── DATA IN THIS EXERCISE ──

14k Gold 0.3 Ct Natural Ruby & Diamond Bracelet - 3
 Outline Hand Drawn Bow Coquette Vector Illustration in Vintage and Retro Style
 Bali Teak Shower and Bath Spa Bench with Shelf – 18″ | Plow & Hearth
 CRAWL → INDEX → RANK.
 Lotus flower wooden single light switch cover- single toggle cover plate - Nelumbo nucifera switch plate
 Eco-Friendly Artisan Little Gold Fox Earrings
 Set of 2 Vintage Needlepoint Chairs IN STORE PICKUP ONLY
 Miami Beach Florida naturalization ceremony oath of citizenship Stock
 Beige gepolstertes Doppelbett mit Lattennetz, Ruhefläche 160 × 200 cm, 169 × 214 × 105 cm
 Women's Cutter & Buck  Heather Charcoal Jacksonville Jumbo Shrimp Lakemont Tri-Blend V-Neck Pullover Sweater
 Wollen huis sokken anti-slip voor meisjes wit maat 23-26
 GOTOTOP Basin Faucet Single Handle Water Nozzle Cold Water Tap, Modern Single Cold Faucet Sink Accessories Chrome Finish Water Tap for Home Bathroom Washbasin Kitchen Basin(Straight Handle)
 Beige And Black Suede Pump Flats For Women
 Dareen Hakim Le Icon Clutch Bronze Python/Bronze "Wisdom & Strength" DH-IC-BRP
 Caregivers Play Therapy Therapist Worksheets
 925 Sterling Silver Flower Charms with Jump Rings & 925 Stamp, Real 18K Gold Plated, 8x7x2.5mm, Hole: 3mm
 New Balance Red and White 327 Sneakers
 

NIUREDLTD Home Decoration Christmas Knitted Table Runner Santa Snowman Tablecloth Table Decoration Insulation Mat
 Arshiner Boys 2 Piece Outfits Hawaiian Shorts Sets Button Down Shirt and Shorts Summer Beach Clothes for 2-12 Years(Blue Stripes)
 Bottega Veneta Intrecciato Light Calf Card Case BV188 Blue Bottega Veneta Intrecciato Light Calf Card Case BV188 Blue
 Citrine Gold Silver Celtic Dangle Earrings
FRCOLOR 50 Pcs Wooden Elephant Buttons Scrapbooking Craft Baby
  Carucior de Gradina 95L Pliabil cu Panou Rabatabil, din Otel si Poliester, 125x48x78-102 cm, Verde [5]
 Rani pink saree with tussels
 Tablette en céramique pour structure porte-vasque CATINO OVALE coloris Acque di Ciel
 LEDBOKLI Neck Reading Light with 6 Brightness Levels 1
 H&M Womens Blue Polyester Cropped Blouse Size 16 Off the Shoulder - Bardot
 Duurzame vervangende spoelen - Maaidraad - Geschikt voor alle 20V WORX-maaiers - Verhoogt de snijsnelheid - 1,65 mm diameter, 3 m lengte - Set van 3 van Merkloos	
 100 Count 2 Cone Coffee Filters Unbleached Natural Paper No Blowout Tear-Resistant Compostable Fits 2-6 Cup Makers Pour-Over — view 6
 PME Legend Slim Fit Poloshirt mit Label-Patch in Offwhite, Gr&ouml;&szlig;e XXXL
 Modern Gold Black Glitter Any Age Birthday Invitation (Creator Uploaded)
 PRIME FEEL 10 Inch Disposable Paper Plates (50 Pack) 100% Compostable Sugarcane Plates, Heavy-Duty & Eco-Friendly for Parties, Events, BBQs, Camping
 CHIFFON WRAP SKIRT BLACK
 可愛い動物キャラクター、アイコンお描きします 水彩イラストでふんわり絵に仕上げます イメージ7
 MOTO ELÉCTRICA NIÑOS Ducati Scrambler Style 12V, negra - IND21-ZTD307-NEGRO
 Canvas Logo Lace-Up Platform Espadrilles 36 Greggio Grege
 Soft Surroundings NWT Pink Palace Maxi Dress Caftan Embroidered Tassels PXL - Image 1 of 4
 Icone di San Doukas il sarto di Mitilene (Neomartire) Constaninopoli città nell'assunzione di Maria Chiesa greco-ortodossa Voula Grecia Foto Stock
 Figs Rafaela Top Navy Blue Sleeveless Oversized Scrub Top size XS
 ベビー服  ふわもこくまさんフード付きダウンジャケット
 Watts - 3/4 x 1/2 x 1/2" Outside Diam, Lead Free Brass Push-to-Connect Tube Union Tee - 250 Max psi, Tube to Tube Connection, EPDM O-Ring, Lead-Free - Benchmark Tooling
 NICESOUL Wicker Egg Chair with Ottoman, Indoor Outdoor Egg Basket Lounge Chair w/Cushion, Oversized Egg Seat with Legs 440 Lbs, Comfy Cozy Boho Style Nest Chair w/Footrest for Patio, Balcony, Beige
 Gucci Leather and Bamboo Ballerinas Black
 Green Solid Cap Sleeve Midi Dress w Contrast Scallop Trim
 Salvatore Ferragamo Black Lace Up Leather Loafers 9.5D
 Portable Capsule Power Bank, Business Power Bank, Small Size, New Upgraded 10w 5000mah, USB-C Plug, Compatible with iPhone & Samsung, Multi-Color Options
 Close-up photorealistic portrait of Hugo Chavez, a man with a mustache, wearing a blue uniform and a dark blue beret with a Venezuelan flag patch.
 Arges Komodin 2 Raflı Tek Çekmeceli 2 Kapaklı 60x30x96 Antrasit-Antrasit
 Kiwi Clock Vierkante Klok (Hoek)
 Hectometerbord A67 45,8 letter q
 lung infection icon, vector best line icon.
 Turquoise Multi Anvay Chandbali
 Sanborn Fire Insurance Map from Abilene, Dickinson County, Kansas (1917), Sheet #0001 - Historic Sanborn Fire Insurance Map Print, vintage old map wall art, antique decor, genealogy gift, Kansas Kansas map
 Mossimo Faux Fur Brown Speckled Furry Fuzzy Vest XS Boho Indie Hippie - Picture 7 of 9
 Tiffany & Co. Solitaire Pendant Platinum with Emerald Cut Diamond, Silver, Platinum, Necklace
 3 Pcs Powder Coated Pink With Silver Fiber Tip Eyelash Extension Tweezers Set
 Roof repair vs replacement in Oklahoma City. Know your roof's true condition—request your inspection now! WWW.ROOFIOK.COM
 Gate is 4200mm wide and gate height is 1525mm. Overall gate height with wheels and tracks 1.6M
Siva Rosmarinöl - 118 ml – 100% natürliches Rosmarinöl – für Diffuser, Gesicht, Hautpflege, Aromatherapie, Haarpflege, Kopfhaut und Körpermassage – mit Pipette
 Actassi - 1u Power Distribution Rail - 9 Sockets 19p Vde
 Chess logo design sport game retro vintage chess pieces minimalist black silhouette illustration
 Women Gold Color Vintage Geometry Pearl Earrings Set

───

Output the number of lines in the records above that contain the string "Home", and no other text.

2